━━━ RECORDS FOR THIS TASK ━━━

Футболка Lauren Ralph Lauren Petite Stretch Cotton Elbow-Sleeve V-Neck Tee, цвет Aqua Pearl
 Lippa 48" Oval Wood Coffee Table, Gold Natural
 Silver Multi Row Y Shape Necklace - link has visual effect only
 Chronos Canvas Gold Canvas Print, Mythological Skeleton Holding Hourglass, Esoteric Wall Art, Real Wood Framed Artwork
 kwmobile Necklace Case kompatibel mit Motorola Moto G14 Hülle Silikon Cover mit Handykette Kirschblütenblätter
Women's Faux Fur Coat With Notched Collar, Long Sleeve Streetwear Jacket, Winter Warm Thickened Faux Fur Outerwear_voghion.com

━━━

Return the line that contains "Silver Multi Row" along with every line after it through the end of the entries, exactly, adding nothing.

 Silver Multi Row Y Shape Necklace - link has visual effect only
 Chronos Canvas Gold Canvas Print, Mythological Skeleton Holding Hourglass, Esoteric Wall Art, Real Wood Framed Artwork
 kwmobile Necklace Case kompatibel mit Motorola Moto G14 Hülle Silikon Cover mit Handykette Kirschblütenblätter
Women's Faux Fur Coat With Notched Collar, Long Sleeve Streetwear Jacket, Winter Warm Thickened Faux Fur Outerwear_voghion.com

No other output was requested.